It's Not the Size of the Dog in the Fight: Three-time All-American pole vaulter Kate Soma may stand only an inch above 5'-0', but the Husky senior, who enters this week's NCAA Indoor Championships with a collegiate-leading mark of 14 feet, 3 1/2 inches, cuts a towering figure in collegiate pole vaulting history. At the Feb. 12 Husky Classic, Soma broke her own UW indoor record with a clearance of 14-3 1/2, equaling the seventh-best by a collegiate vaulter all-time. The Portland, Ore., native currently ranks second among American women in the 2005 IAAF World Rankings only to U.S.-record holder Stacy Dragila, and is the 20th-ranked woman in the world. Soma has been just as prolific throughout her UW career, breaking UW's pole vault record in each of her seven collegiate 'seasons,' including four indoors and three outdoors. In clearing 14-3 1/2, Soma backed up her UW outdoor record clearance of 14-2 at last year's Pac-10 Championships, a vault which won Soma her first Pac-10 title and qualified her for the 2004 U.S. Olympic Trials. Soma followed up her conference crown with a second-place finish at the NCAA Championships to earn her third-consecutive All-America award. Only five other women in UW history have earned as many All-America honors as Soma's three, while just four others have captured at least two in the same season, something Soma did in 2004 with a second-place NCAA finish outdoors, and a tie for fifth indoors. Perhaps it's her support system - Soma's mother, Donna, boasts an U.S. vault age-group record, while Soma's high school coach designs shoes worn by elite vaulters Dragila and Dmitri Markov.
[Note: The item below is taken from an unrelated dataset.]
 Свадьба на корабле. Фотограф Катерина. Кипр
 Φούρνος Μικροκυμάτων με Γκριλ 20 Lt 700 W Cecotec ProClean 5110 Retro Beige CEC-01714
All-Time NCAA Division-I Pole Vault Top-10
Name, School, Year, Mark

1. Chelsea Johnson, UCLA, 2004, 15-0
2. Amy Linnen, Arizona, 2002, 14-10 1/4i
3. Thorey Elisdottir, Georgia, 2001, 14-9 1/2i
4. Becky Holliday, Oregon, 2003, 14-8
5. Lacy Janson, Florida State, 2003, 14-7 1/4i
5. Tracy O'Hara, UCLA, 2000, 14-7 1/4
, 7. Kate Soma, Washington, 2005, 14-3 1/2i
7. Melissa Price, Fresno State, 1998, 14-3 1/2
9. April Steiner, Arkansas, 2003, 14-3 1/4i
9. Tamara Diles, Wash. State, 2002, 14-3 1/4i

Moving On Up: Currently the NCAA's pole vault leader in 2005, senior Kate Soma has the chance to continue an impressive streak. The three-time All-American has improved her NCAA standing in each of her five-career appearances at the meet, having placed 16th outdoors in 2002, 12th indoors in 2003, seventh outdoors in 2003, fifth (tied) indoors in 2004 and second outdoors in 2004. Should that trend continue, Soma would become just the third NCAA champion in UW women's history, and the first since 1988.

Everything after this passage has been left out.